Relator's argument that the case should remain under seal, even in light of the strong presumption of public access, is based on two faulty premises. First, Relator contends that because the case was dismissed voluntarily, the American public is no longer a party in interest as the claims will not be litigated. Relator's Memo. at 3. Additionally, Relator argues that because Defendant no longer requires access to the sealed pleadings for litigation purposes, this undercuts the presumption of public access. Id. These arguments, however, miss the mark. The court in Schweizer explained that in FCA cases, there are "generalized needs for public access."

577 F. Supp. 2d at 173. Voluntary dismissals of FCA actions do not render the allegations any less relevant to the taxpaying public. Although the court in Schweizer did acknowledge that the defendant's "pragmatic individualized need for access" to the sealed pleadings helped the court resolve this factor in favor of unsealing the record, the court considered this fact "in light of the more generalized need for public access." Id. While Defendant does not need to access the sealed filings for litigation purposes, the "generalized needs for public access" still remain. This critical factor thus weighs in favor of unsealing.

B. Extent Of Previous Public Access

Previous public access to the sealed filings "is a factor which may weigh in favor of subsequent [public] access." Hubbard, 650 F.2d at 318. Of course, "[d]etermining whether . . . the public has already had access to court records in a given case cannot . . . guide [a] decision concerning whether . . . the public should have access as an original matter." Id. The public did not have prior access to the pleadings in the present case because this case was under seal pursuant to procedures provided in the FCA. See 31 U.S.C. § 3730(b)(2). This factor is thus neutral.

C. Objection to Disclosure "[T]he fact that a party moves to seal the record weighs in favor of the party's motion."

Zapp v. Zhenli Ye Gon, 746 F. Supp. 2d 145, 149 (D.D.C. 2010). As Relator has so moved, this factor favors sealing.

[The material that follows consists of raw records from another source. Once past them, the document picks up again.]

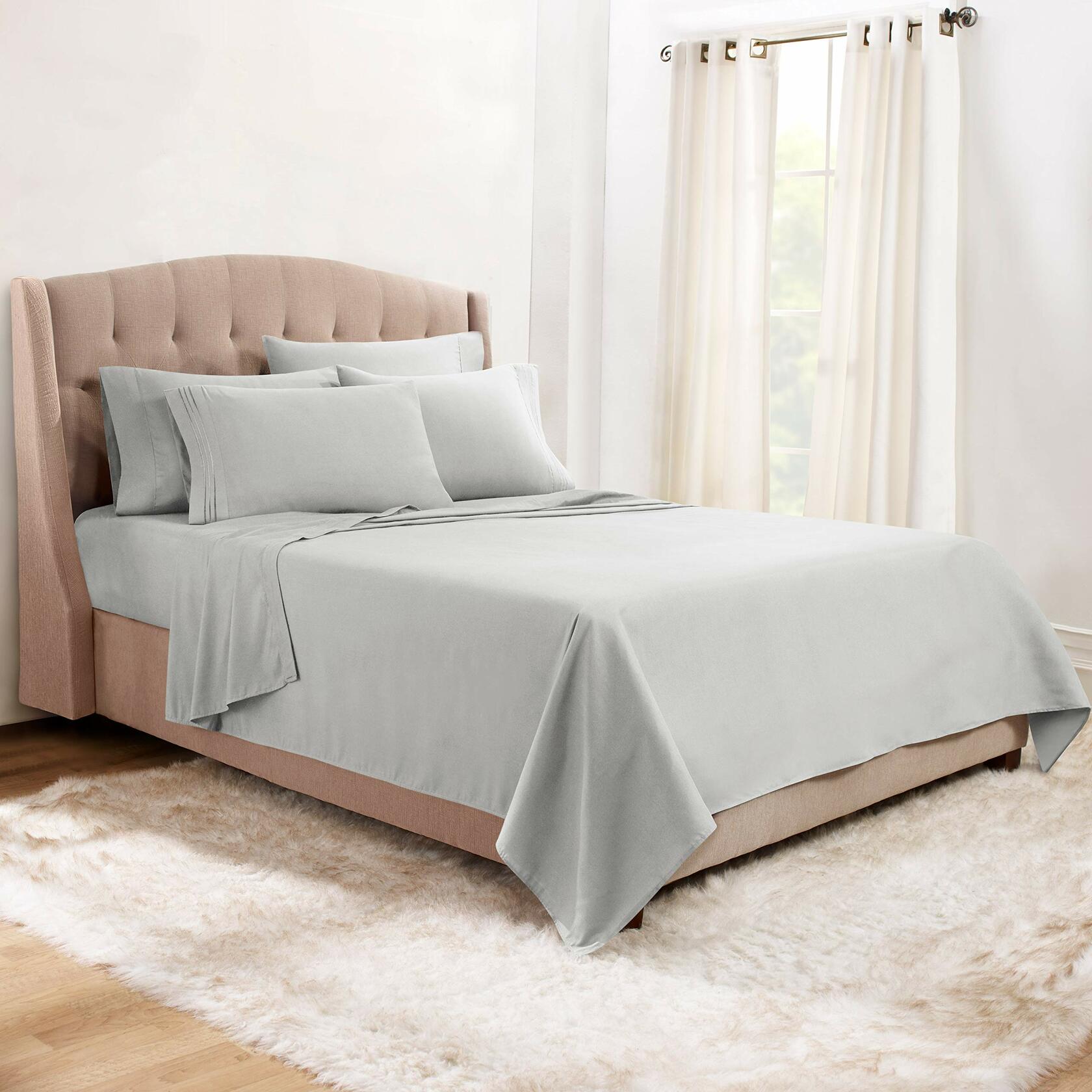 Clara Clark Premier 1800 Collection 6pc Bed Sheet Set King Silver Gray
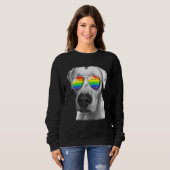 Sweatshirt Dogo Argentino Chien Gay pride Drapeau Lunettes de (Devant entier)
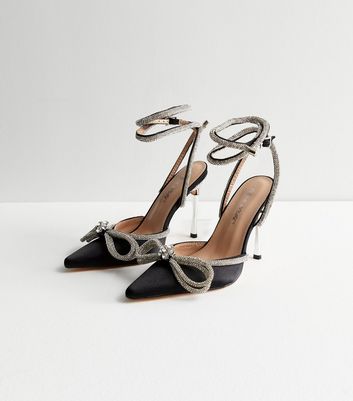 Public Desire Wide Fit Black Diamante Bow Stiletto Heel Court Shoes New Look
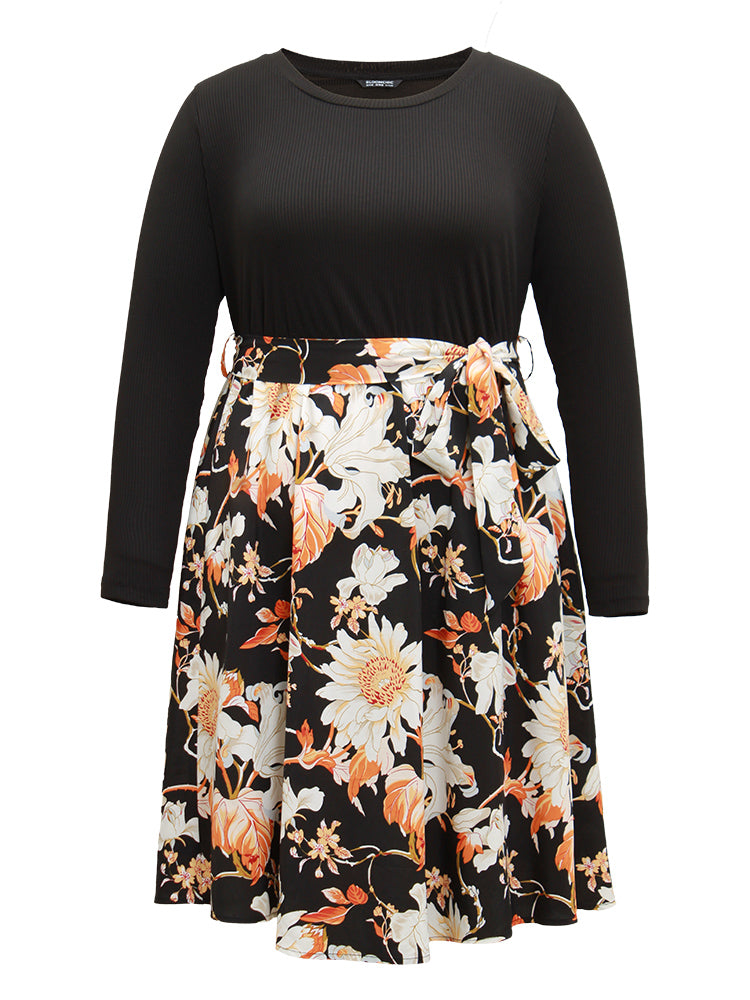 Floral Print Rib Knit Belted Dress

D. Strength Of Interests Asserted

When deciding whether to seal or unseal a record, courts assess the strength of any property or privacy interests voiced by the moving party. In Hubbard, the D.C. Circuit considered "the objecting party's privacy interest in the particular documents, . . . rather than the effect that unsealing the documents would have on the party's property and privacy interests generally." Friedman v. Sebelius, 672 F. Supp. 2d 54, 60 (D.D.C. 2009) (emphasis added). In his Memorandum, Relator only describes a general privacy interest in keeping his identity secret from his employer to avoid any potential retaliation should disclosure occur. Id. at 5. He does not articulate any privacy interests in the specific pleadings themselves. This generalized interest is not sufficient to tip this factor toward Relator. See United States ex rel. Permison v. Superlative Technologies, Inc., 492 F. Supp. 2d 561 (E.D. Va. 2007) (unsealing dismissed FCA claim and pointing out that "[w]hile [the Relator's] fear of retaliation is not entirely implausible, it is certainly vague and hypothetical at best; he merely expresses a general apprehension that his former employer might somehow interfere with his career prospects. . . . In sum, [the Relator's] vague concern of future retaliation by his former employer falls far short of outweighing the public's strong interest in having access to court filings . . . .").

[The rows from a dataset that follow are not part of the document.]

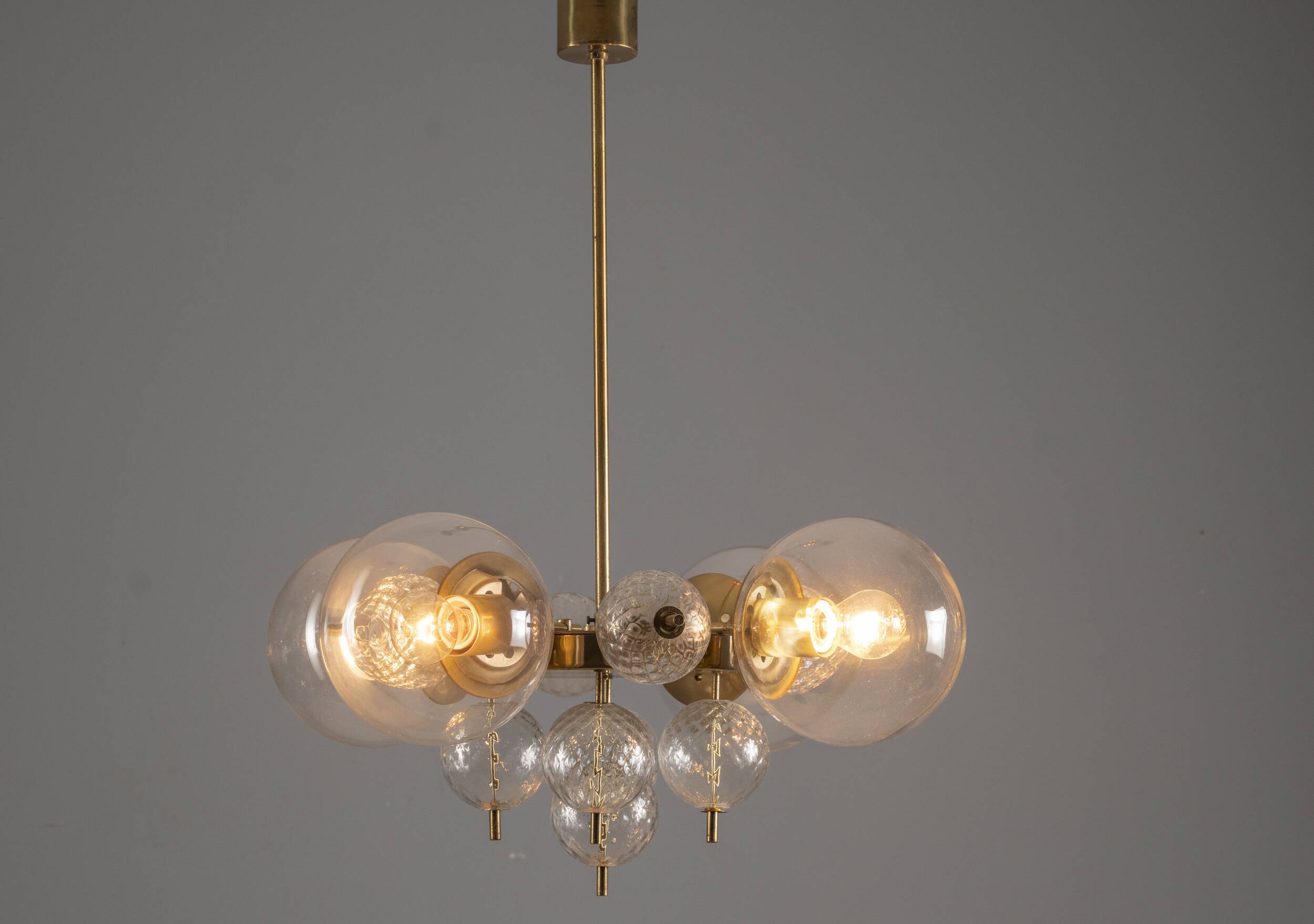 Glass and brass chandelier, Jaroslav Bejvl, 1970s, Czechoslovakia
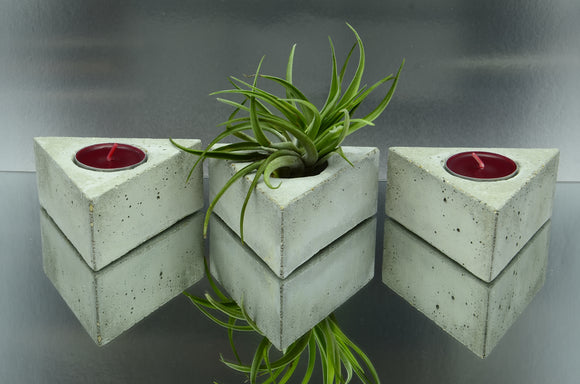Set of 3 Triangular Handmade Concrete Tealight, Airplant Holders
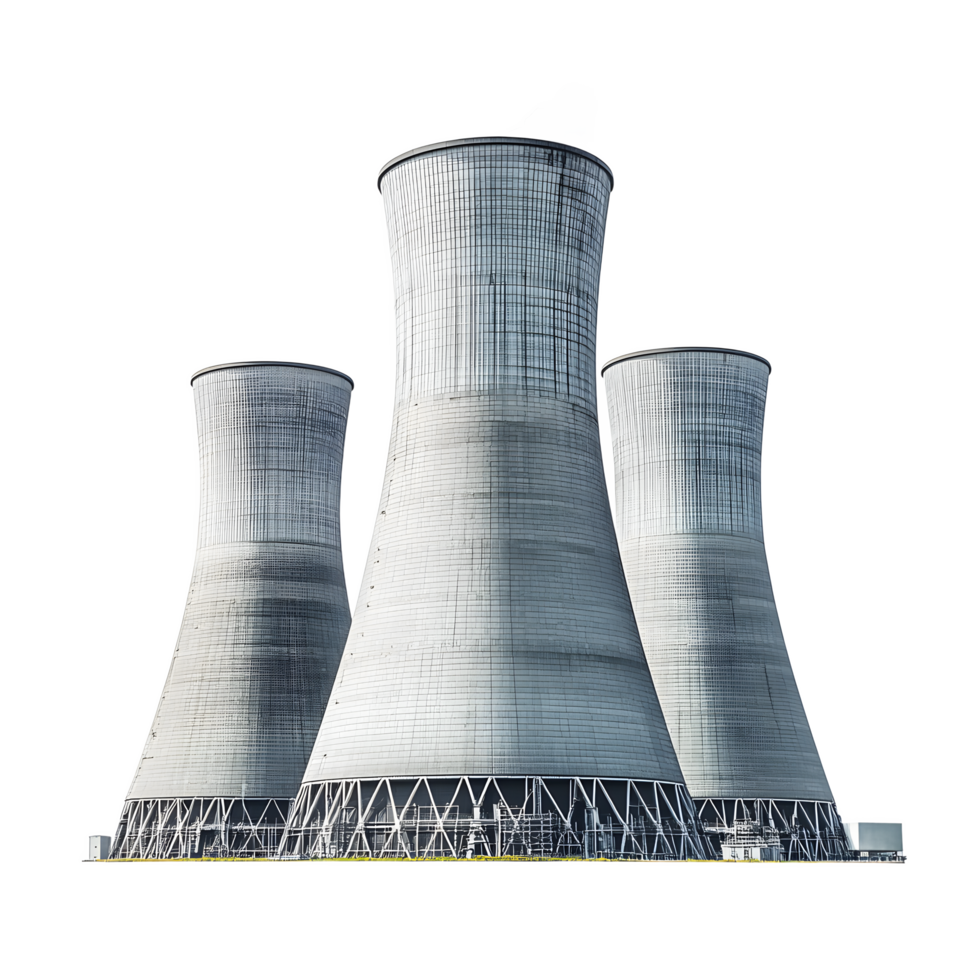 Three large industrial cooling towers emitting steam against a stark isolated on transparent background png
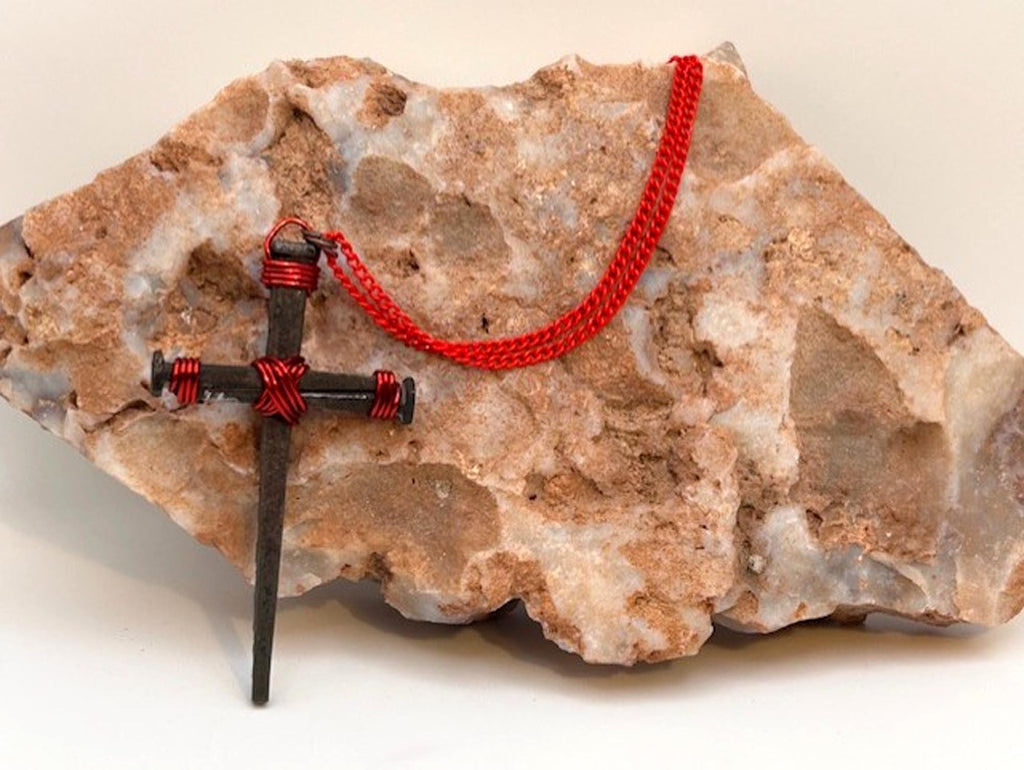 Christian Iron Nail Cross Necklace – Crucifix Pendant w Red Chain 2 - Red 2th Anniversary - Birthday Gift - Hand Forged 1815 - FREE GIFT BOX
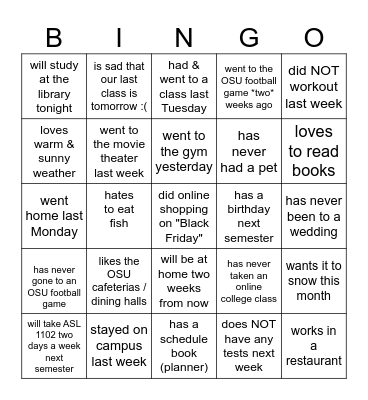 1101 Semester Done Bingo Card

E. Possibility of Prejudice

The possibility of prejudice refers to "whether disclosure of the documents will lead to prejudice in future litigation to the party seeking the seal." Friedman, 672 F. Supp. 2d at 60 (citing Hubbard, 650 F.2d at 320-21); see id. ("The plaintiffs have not claimed that unsealing this matter would affect them in any future litigation; rather, they refer only to generalized reputational harm."). Relator points out that in evaluating prejudice, the court in Schweizer considered the fact that the relators were no longer employees of the defendant, which minimized the risk of "workplace discrimination and harassment" following the unsealing of the pleadings. Relator's Memo. at 6 (quoting 577 F. Supp. 2d at 177). Relator, therefore, argues that, because he remains an employee of Defendant, the possibility of retaliation would be great if the Court unseals the record. Id. A closer examination of Schweizer reveals that the fact the relator was no longer employed by the defendant is one of several elements the court considered when examining prejudice. See 577 F. Supp. 2d at 177. In any event, Relator does not explain how unsealing would lead to prejudice in future litigation.

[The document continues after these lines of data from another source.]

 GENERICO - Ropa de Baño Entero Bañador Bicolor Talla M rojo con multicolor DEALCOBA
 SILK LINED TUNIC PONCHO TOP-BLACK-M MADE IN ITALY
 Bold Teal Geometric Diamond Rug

There are, moreover, potential policy concerns if relators are allowed to keep FCA cases permanently under seal due to fear of employer retaliation. First, these retaliation concerns are "similar to those of the many other employees who bring suits against their employers or former employers for various reasons" and therefore should not merit special protection in qui tam actions. Littlewood, 2011 WL 3805607, at *8. In addition, when bringing suit under the FCA, Relator "concluded that these risks were worth taking if the Government would intervene. Having assumed the risk that the Government might not intervene, [R]elator cannot cherry pick the portions of the FCA that suit [him]." Id. at 9.

The Court thus resolves this factor in favor of lifting the seal.

F. Purposes For Which Documents Were Introduced

There is a strong presumption against sealing court pleadings that are relevant to the litigation of FCA claims because the public has a right to access the filings. See Friedman, 672 F. Supp. 2d at 61 ("if the documents sought to be sealed are entered as evidence during a trial, there is a strong presumption against sealing"). In contrast, there is less of a pressing concern to unseal pleadings if they are not relevant to the claims. See Hubbard, 650 F.2d at 321 ("[T]he [sealed] documents . . . were not determined by the trial judge to be relevant to the crimes charged; they were not used in the subsequent 'trial'; nor were they described or even expressly relied upon by the trial judge in his decision on the suppression motion.").

Relator contends that because he voluntarily dismissed this case, it no longer matters that the documents were filed while litigating his claims. Relator's Memo. at 7. This argument, however, ignores that this factor focuses on the purpose of filing his pleadings and nothing further. When Relator filed his Complaint, his purpose was for his allegations to be the basis of a potential trial. Therefore, there is a strong presumption for public access weighing in favor of unsealing the Complaint. While Relator's Voluntary Dismissal and the United States' Consent will not constitute the basis of an imminent trial, Relator's allegations may potentially be revived in future litigation because the case was dismissed without prejudice. Therefore, this factor weighs in favor of lifting the seal.

Having applied the six-factor analysis of United States v. Hubbard, the Court finds that the majority weigh in favor of unsealing the pleadings. In addition, the most significant factors concerning the need for public access, the strength of the interests involved, and the comparative prejudice all militate against sealing.


In light of the strong presumption of public access and having weighed the relevant factors, the Court therefore ORDERS that:

1. Relator's Complaint and Voluntary Dismissal and the United States' Consent shall be unsealed; and

2. All other filings shall remain under seal.